“Deus está solto”

* Daniel Medeiros

Em setembro de 1968, Caetano Veloso escancarou para o público jovem que o assistia no Festival Internacional da Canção a falta de juventude deles: “Vocês não estão entendendo nada, nada”. A meninada, frustrada com a falta de liberdade que o regime militar patrocinava, sem perspectivas, forças ou imaginação para reescrever aquele roteiro de horrores, jogava suas fichas em um concurso de músicas, esperando que ali se desvendasse o mapa da mudança ditado por algum messias com roupas coloridas. E Caetano era um dos únicos intelectuais brasileiros (com Zé Celso, Glauber e Gil) que compreendia que a dicotomia que estava sendo esculpida nas ruas a golpes de cassetetes e coquetéis molotov era a dupla face de um único deus cínico e indiferente. E Caetano provocava os raivosos rapazes e moças que o agrediam com pedaços de cadeira e garrafas, indignadas por ele não estar cantando algo que eles pudessem acompanhar com os braços erguidos, em coro, seguindo a  marcha: “É essa juventude que quer tomar o poder?”

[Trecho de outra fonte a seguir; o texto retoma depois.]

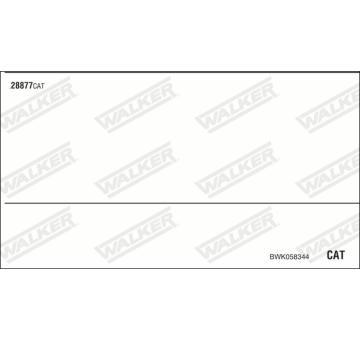 Výfukový systém WALKER BWK058344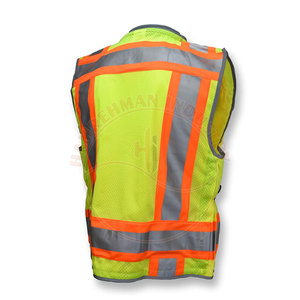 Hi Visibility Vest Gilet de sécurité réfléchissant avec poches Votre propre logo Design Men Wear Gilet de sécurité - Product Image 2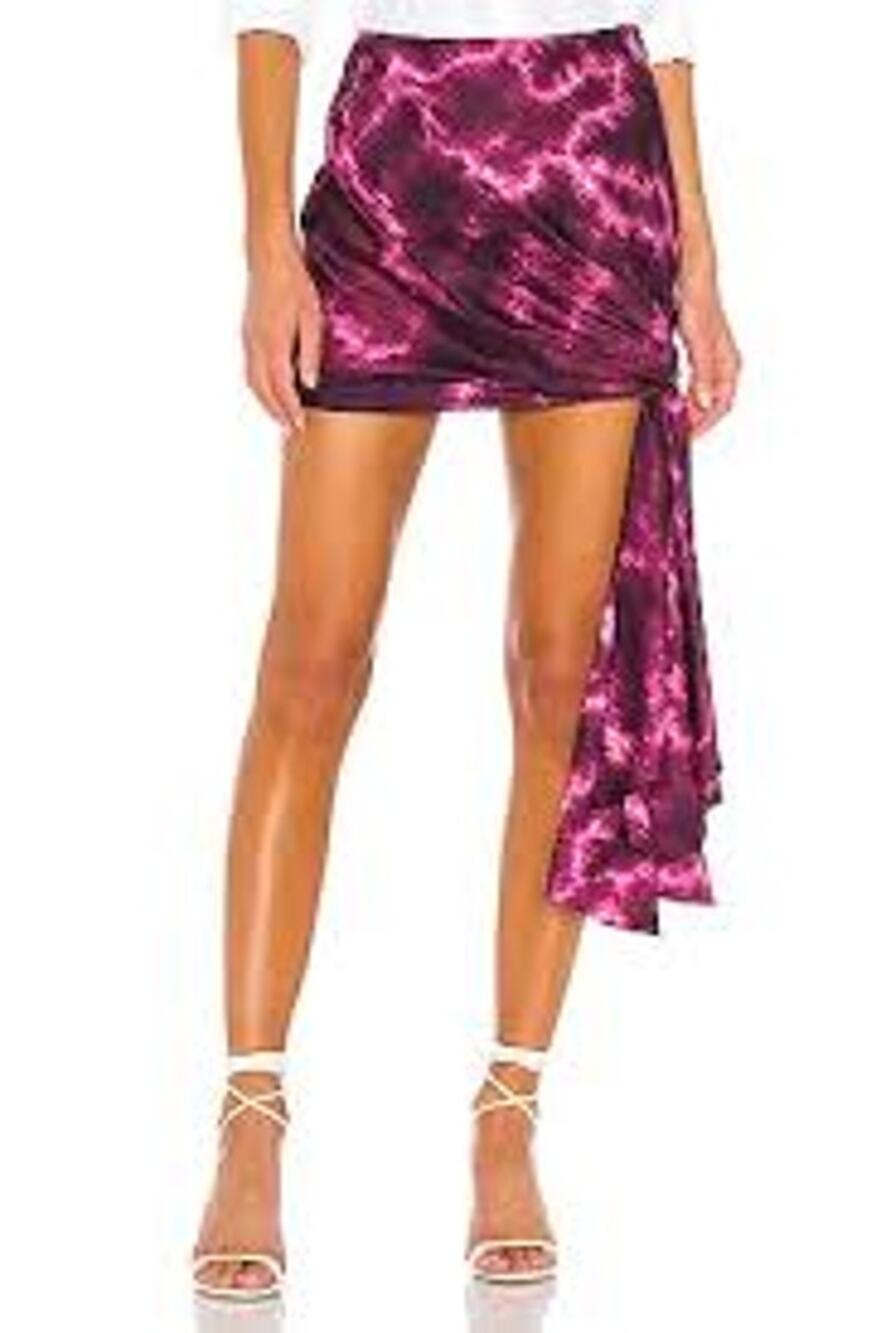 CINQ a SEPT Ryder Satin Printed Mini Skirt NWT Size 8 medium m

A estética que a juventude desancava buscava mostrar o quanto os generais estavam nus, as pelancas à mostra, diante de uma multidão de míopes: “é proibido proibir”, bradava Caetano, e proibições não têm partido ou ideologia, como o reacionarismo que percorria desde o mais recôndito porão de quartel até a mais descolada e efervescente rodinha de música de protesto. Proibir é interditar o movimento do futuro que não cessa de fluir. Mas a meninada não entendia o que não fosse palavra de ordem. E vaiavam.

O crítico Sérgio Cabral, testemunha ocular do tumulto, foi quem parece ter matado a charada: “o que irritou os espectadores foram os gestos femininos de Caetano.” Janus olha pra frente com a mesma lógica que olha pra trás. A proposta caleidoscópica de Caetano era demais para eles. E então vaiavam.

“Que juventude é essa? Que juventude é essa?”, profetizou o compositor baiano, como quem olha para o túnel do tempo e vê o passado e vê o futuro, e nele  jovens encarcerados em seus corpos com inscrições ditadas de antemão, incapazes de gestos sem significados já previamente traçados. Vaiando, vaiando, porque não havia palavras nos seus repertórios limitados para traduzir o que Caetano, o Obscuro, tentava explicar: panta rei.

Pouca coisa – quase nada – do que é dito hoje tem a força estranha das palavras de Caetano naquele longínquo ano de 1968. E quando, meses depois, os militares de cuecas borradas impuseram o AI-5, não sem a assinatura de uns tantos civis obedientes, os festivais foram se calando, os jornais, a televisão, a juventude amuada e, sem entender nada, nada, calou-se ou foi enfrentar o dragão da maldade com as armas que ele próprio havia inventado. Caetano foi preso sob a acusação de fazer paródia com o hino nacional e amargou meses de solidão e sofrimento, perplexo com o estado de coisas que achava que seus gestos modificariam. Depois foi para o exílio (e foi Roberto Carlos quem melhor o traduziu). Na cadeia, triste, lembrava da risada da irmã Irene e se emocionava com a imagem da Terra vista do espaço. A liberdade era a capacidade de produzir subjetividades sem amarras, sempre quis dizer Caetano. Mas essa lição ainda hoje enfrenta feroz resistência. A palavra do profeta baiano cumpre-se todo dia, em qualquer esquina: “Vocês sempre vão matar amanhã o velhote inimigo que morreu ontem”. E ninguém, de novo, parece perceber o que realmente está acontecendo.

 

Daniel Medeiros é doutor em Educação Histórica e professor no Curso Positivo.